The mandate of the United Nations Volunteers (UNV) programme is to strengthen the role of youth in development through volunteerism, and emphasises the basic belief that youth are agents of change.
UNV Bangladesh aims to work not just for youth, but with youth. Together with three national youth organisations, UNV organised youth consultations on the post-2015 agenda during August and September 2013. The consultations in Jessore and Chittagong enabled young people to share their vision of the future and actively contribute to the global post-2015 debate.
Over 60 young people representing 16 youth organisations or clubs participated, and shared their thoughts in the first two consultations. One of the main areas of discussion was on the issue of “inequality.”
In the discussion on inequality it became clear that the differences in access to information, education, health, clean water and basic rights divide Bangladeshi society and solidify existing inequalities.
There is a need to address the root causes of inequality, which are often systemic, institutionalised and interconnected with other development issues. It became apparent how important the issue of inequality is for Bangladeshi youth considering the depth of the discussion that took place.
While many different forms of discrimination and inequalities were addressed, there were two areas that were most interesting: climate change and gender.

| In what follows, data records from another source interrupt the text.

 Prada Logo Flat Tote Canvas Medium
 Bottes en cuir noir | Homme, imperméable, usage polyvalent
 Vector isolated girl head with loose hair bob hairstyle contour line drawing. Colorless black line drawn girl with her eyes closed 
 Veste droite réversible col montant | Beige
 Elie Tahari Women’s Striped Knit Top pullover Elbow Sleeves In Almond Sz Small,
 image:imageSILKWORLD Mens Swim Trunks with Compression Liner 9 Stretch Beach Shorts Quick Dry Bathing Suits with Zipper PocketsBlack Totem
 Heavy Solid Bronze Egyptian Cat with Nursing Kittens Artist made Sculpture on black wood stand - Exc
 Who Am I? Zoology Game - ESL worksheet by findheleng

Youths in Jessore coined the term “climate discrimination,” describing the unequal effects of global warming in different parts of the world, where countries like Bangladesh face more negative effects than the biggest “contributors” to climate change.
The increased threat of natural disasters due to climate change encouraged the participants to address the issues not only on a local level, but also to discuss global implications and the actions needed to alleviate the pressures of climate change and the unequal distribution of its effects.

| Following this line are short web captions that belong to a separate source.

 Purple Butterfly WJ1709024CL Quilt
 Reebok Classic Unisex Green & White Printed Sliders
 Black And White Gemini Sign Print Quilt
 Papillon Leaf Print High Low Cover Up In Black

Climate discrimination adds another form of discrimination to existing social inequalities between religions, ethnic groups, location and gender. It is not enough to plant trees in Bangladesh to enhance climate resilience. Young participants demanded political commitment from their government as well as global leaders.
In Chittagong, the youth participants emphasised the need to include gender discrimination in the post-2015 agenda. While gender discrimination mostly affects women, they believed it was also important to take into consideration the transgender and homosexual community, and by not doing so it remains as one of the biggest obstacles for creating a fair and just society in Bangladesh.
The youths examined how at the core of gender inequality were religious misinterpretations and how patriarchal and societal structures benefit those who are already powerful. When combined with poverty and lack of education, established gender division and roles were upheld rather than dismantled.
One young woman emphasised that it is difficult for young women to become active change-makers in society when there are multiple consequences of gender discrimination, such as violence against women, sexual exploitation and established power structures.
When talking about gender equality in the post-2015 context, the youths believed there was a need to integrate not only quantitative indicators, such as indexing violence against women, but also qualitative societal changes that would require a transformative approach to attitudinal and behavioural change.
Instead of only looking at statistical information, the participants’ vision of the post-2015 agenda clearly includes the dream of creating an equal world for all. Inequality as a result of climate change and gender discrimination are only two priorities of many that Bangladeshi youth have identified as pressing concerns for their generation.
The next development agenda should rise to the challenge of addressing these issues and continue the journey to fulfil the promise of the Millennium Declaration signed 13 years ago.